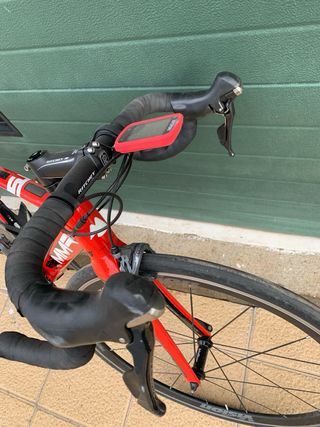 Bici mmr carretera
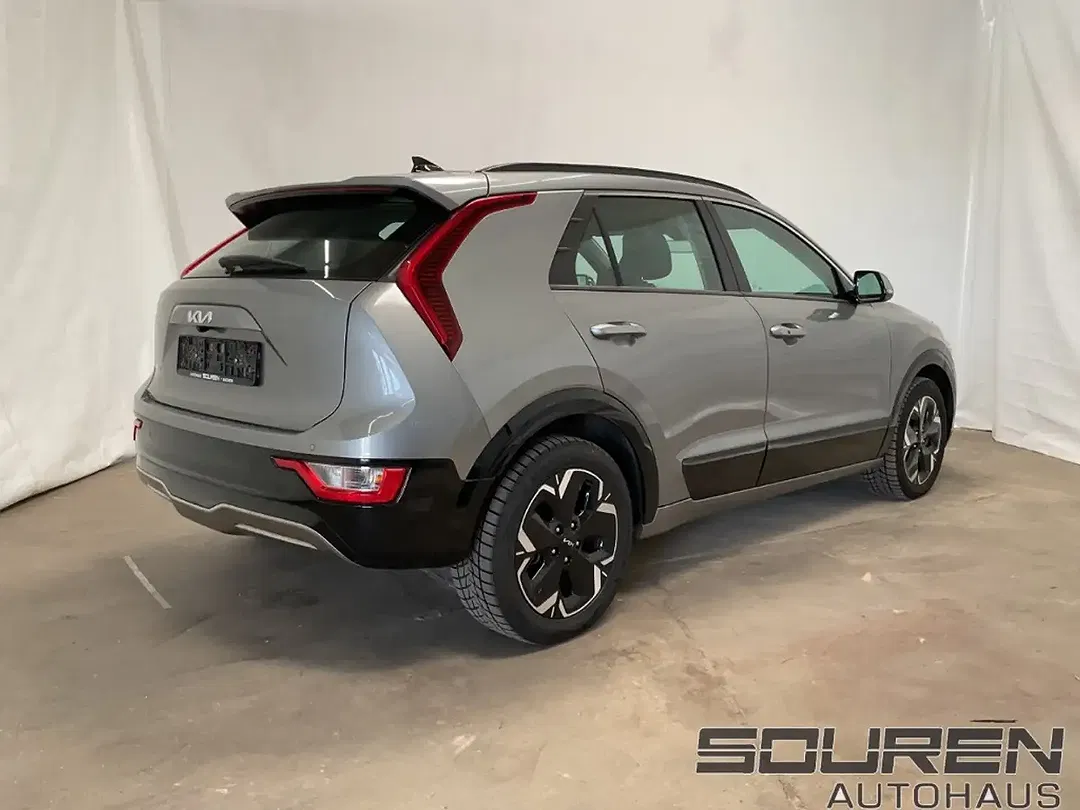 Kia Niro - Thumbnail 4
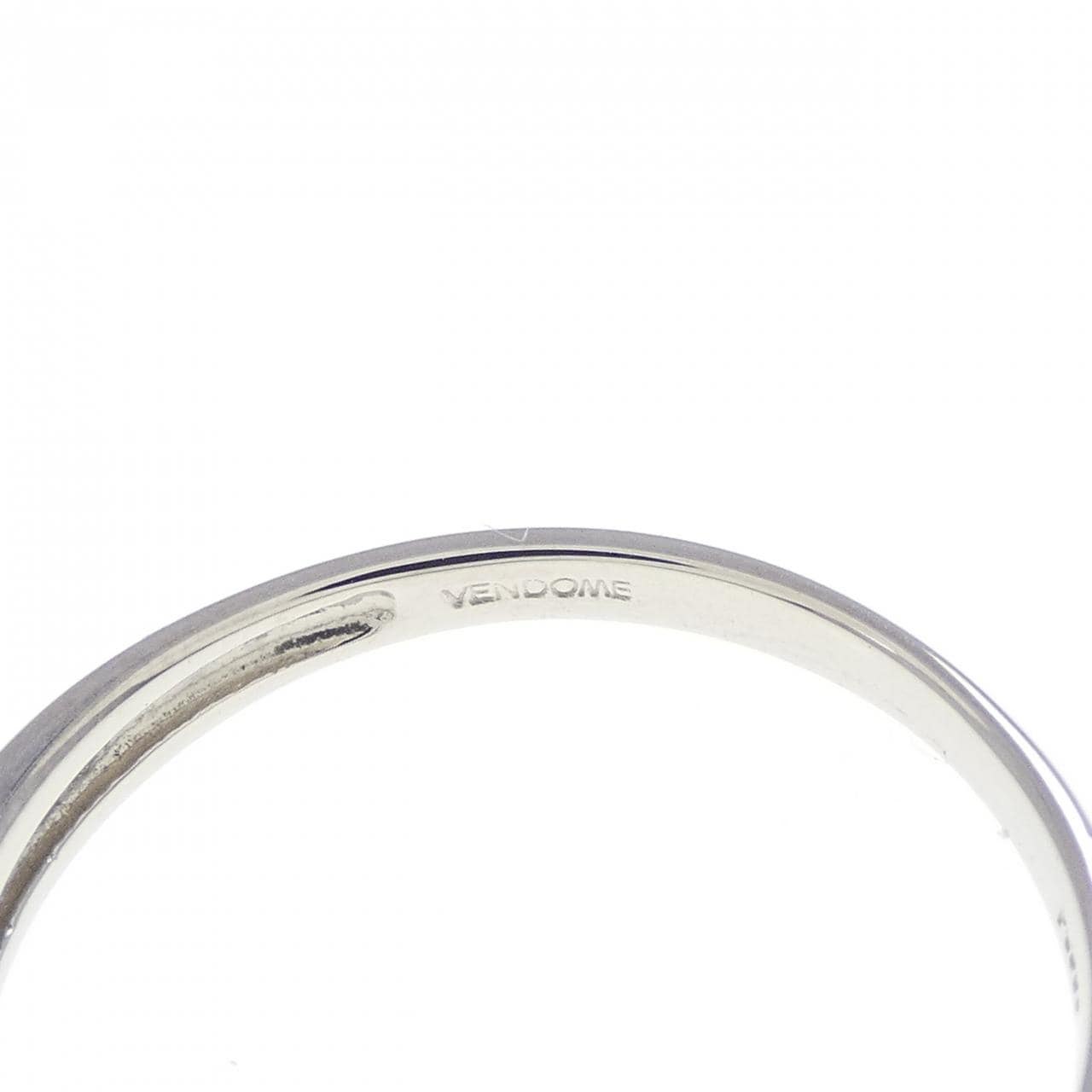 ヴァンドーム ダイヤモンド リング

**WORK INSTRUCTION**
After removing the pictures, transcribe the listing above exactly.

**RESULT FOR THIS EXERCISE**
 Bici mmr carretera
 Kia Niro - Thumbnail 4
 ヴァンドーム ダイヤモンド リング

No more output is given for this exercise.